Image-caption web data
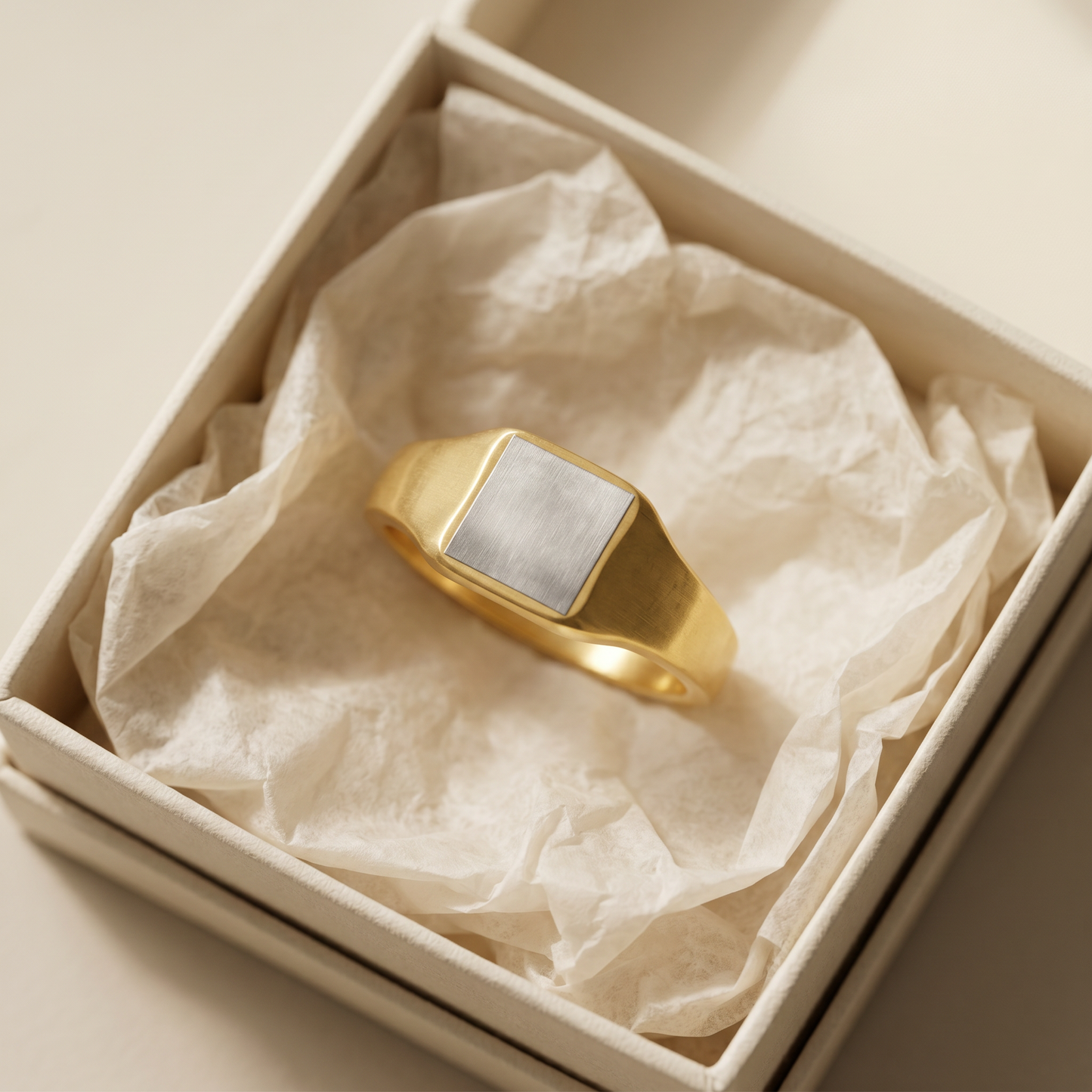 Engraved Square Signet Ring — gift box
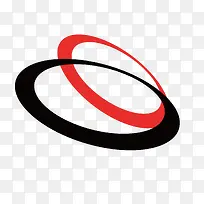 矢量卡通扁平化黑红logo圆环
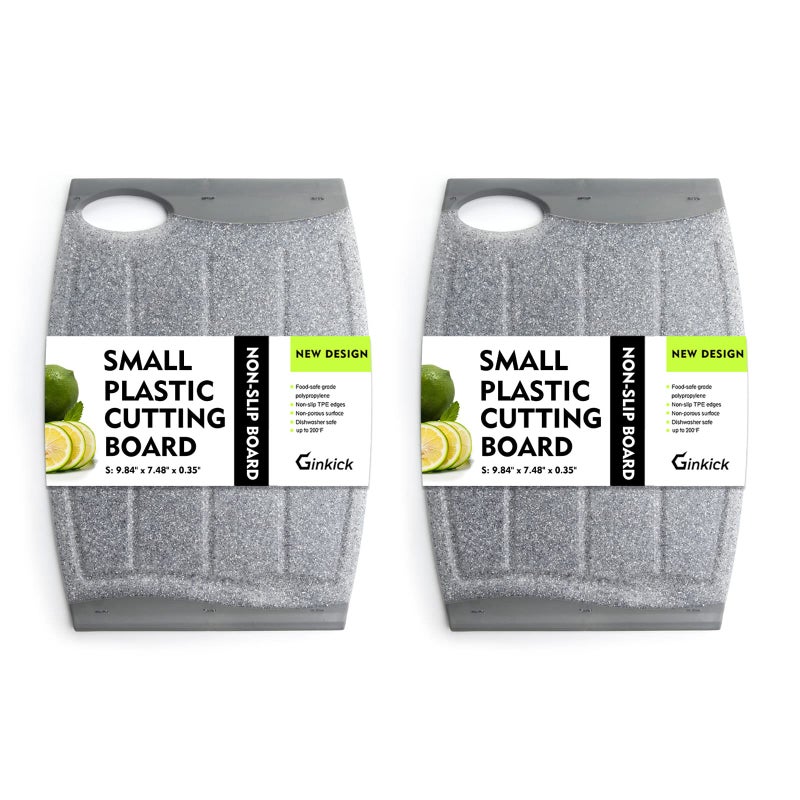 Ginkick Small Plastic Cutting Board Set Of 2  Mini Cutting Board For Small Kitchen Tasks  Non Slip Edges  Unique Design With Multiple Juice Grooves! Bpa Free  Non-Porous  Dishwasher Safe (9.84"" X 7.48"") - Image 1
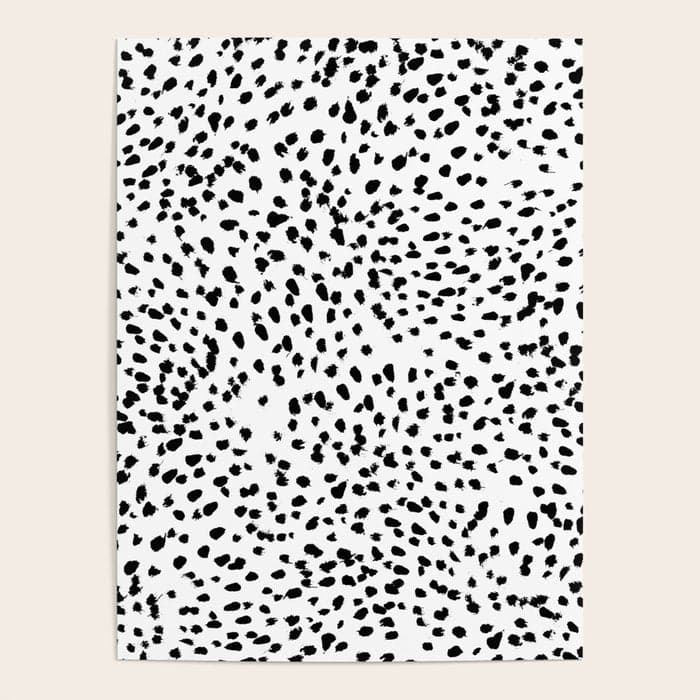 Nadia - Black and White, Animal Print, Dalmatian Spot, Spots, Dots, BW Poster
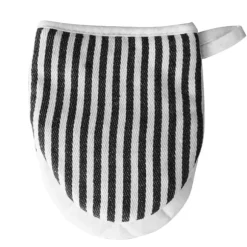 Mikrovågsugnsvantar Värmebeständiga randiga mönster Tjocka bomullsugnsvantar med snöre Svarta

- **PROBLEM STATEMENT**
Reproduce the data word for word; no pictures.

- **SOLUTION**
 Engraved Square Signet Ring — gift box
 矢量卡通扁平化黑红logo圆环
 Ginkick Small Plastic Cutting Board Set Of 2  Mini Cutting Board For Small Kitchen Tasks  Non Slip Edges  Unique Design With Multiple Juice Grooves! Bpa Free  Non-Porous  Dishwasher Safe (9.84"" X 7.48"") - Image 1
 Nadia - Black and White, Animal Print, Dalmatian Spot, Spots, Dots, BW Poster
 Mikrovågsugnsvantar Värmebeständiga randiga mönster Tjocka bomullsugnsvantar med snöre Svarta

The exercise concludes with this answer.